I will repost it here for those who haven’t subscribed yet.

Veeam Community Forums Digest January 1 – January 7, 2018

By now, most of you
have probably already heard of the biggest disaster in the history of IT –
Meltdown and Spectre security vulnerabilities which affect all modern CPUs,
from those in desktops and servers, to ones found in smartphones.
Unfortunately, there’s much confusion about the level of threat we’re
dealing with here, because some of the impacted vendors need reasons to
explain the still-missing security patches. But even those who did release
a patch, avoid mentioning that it only partially addresses the threat. And,
there’s no good explanation of these vulnerabilities on the right level
(not for developers), something that just about anyone working in IT could
understand to make their own conclusion. So, I decided to give it a shot
and deliver just that.First, some essential background. Both
vulnerabilities leverage the „speculative execution“ feature, which is
central to the modern CPU architecture. Without this, processors would idle
most of the time, just waiting to receive I/O results from various
peripheral devices, which are all at least 10x slower than processors. For
example, RAM – kind of the fastest thing out there in our mind – runs at
comparable frequencies with CPU, but all overclocking enthusiasts know that
RAM I/O involves multiple stages, each taking multiple CPU cycles. And hard
disks are at least a hundred times slower than RAM. So, instead of waiting
for the real result of some IF clause to be calculated, the processor
assumes the most probable result, and continues the execution according to
the assumed result.

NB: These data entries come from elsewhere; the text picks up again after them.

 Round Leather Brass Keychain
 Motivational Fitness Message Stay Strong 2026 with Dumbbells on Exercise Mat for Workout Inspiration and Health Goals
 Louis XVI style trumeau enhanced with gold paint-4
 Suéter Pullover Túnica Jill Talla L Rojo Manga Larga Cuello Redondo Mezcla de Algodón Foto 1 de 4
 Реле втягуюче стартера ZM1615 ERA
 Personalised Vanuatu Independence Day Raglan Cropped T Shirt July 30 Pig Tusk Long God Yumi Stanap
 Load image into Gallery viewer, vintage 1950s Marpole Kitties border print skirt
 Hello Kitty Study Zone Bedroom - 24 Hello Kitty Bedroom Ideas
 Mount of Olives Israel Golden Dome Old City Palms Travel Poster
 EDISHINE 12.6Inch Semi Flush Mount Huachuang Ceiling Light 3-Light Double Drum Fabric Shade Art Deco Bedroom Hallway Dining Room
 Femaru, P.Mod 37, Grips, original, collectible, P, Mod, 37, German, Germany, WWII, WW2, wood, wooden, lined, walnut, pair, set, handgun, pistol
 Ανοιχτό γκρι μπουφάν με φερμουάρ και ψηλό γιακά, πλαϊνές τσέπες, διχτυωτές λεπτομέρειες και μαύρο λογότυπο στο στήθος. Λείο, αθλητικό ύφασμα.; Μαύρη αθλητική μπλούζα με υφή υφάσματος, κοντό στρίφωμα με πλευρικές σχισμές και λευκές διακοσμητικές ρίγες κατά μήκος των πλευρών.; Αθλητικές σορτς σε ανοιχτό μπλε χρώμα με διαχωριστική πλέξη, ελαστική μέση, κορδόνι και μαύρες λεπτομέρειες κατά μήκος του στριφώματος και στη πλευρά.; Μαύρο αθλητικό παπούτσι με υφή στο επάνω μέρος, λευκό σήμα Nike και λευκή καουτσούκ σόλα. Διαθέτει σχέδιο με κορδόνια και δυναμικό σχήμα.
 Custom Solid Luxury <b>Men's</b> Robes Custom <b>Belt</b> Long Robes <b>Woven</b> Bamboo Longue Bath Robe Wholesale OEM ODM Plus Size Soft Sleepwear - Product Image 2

Then, many cycles later, when the actual result of said
IF is known, if it was „guessed“ right – then we’re already way ahead in
the program code execution path, and didn’t just waste all those cycles
waiting for the I/O operation to complete. However, if it appears that the
assumption was incorrect – then, the execution state of that „parallel
universe“ is simply discarded, and program execution is restarted back from
said IF clause (as if speculative execution did not exist). But, since
those prediction algorithms are pretty smart and polished, more often than
not the guesses are right, which adds significant boost to execution
performance for some software. Speculative execution is a feature that
processors had for two decades now, which is also why any CPU that is still
able to run these days is affected.Now, while the two
vulnerabilities are distinctly different, they share one thing in common –
and that is, they exploit the cornerstone of computer security, and
specifically the process isolation. Basically, the security of all
operating systems and software is completely dependent on the native
ability of CPUs to ensure complete process isolation in terms of them being
able to access each other’s memory. How exactly is such isolation achieved?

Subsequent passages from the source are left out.